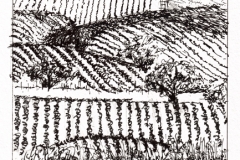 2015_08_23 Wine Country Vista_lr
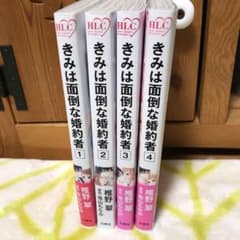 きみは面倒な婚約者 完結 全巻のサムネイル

...

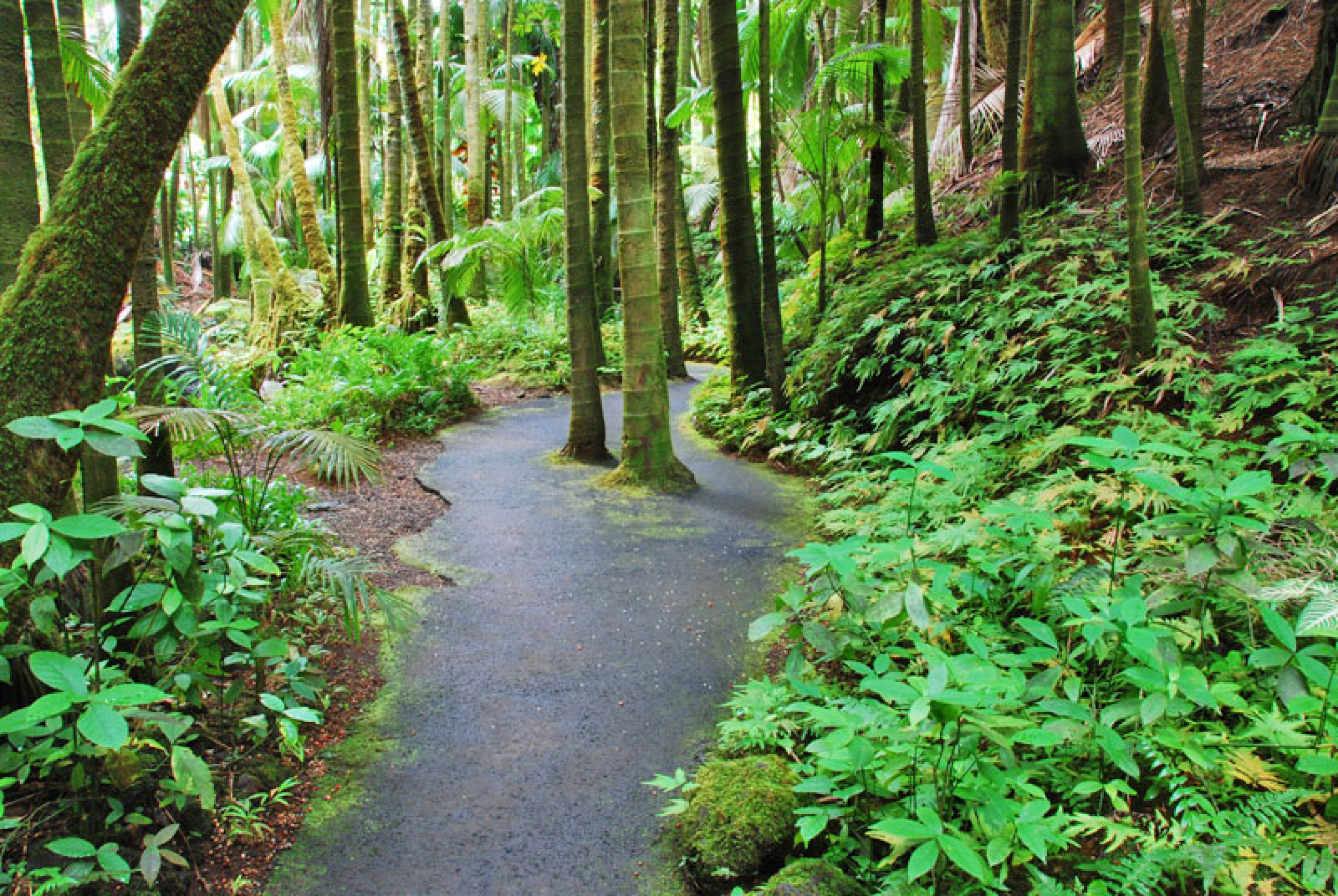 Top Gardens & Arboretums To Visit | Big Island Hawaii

### WORK TO BE COMPLETED
The copy should hold only the lines from the one with "2015_08_23 Wine Country Vista_lr" through the one with "きみは面倒な婚約者 完結 全巻のサムネイル", exactly as they stand above. Leave out the pictures.

### SOLUTION FOR THIS EXERCISE
 2015_08_23 Wine Country Vista_lr
 きみは面倒な婚約者 完結 全巻のサムネイル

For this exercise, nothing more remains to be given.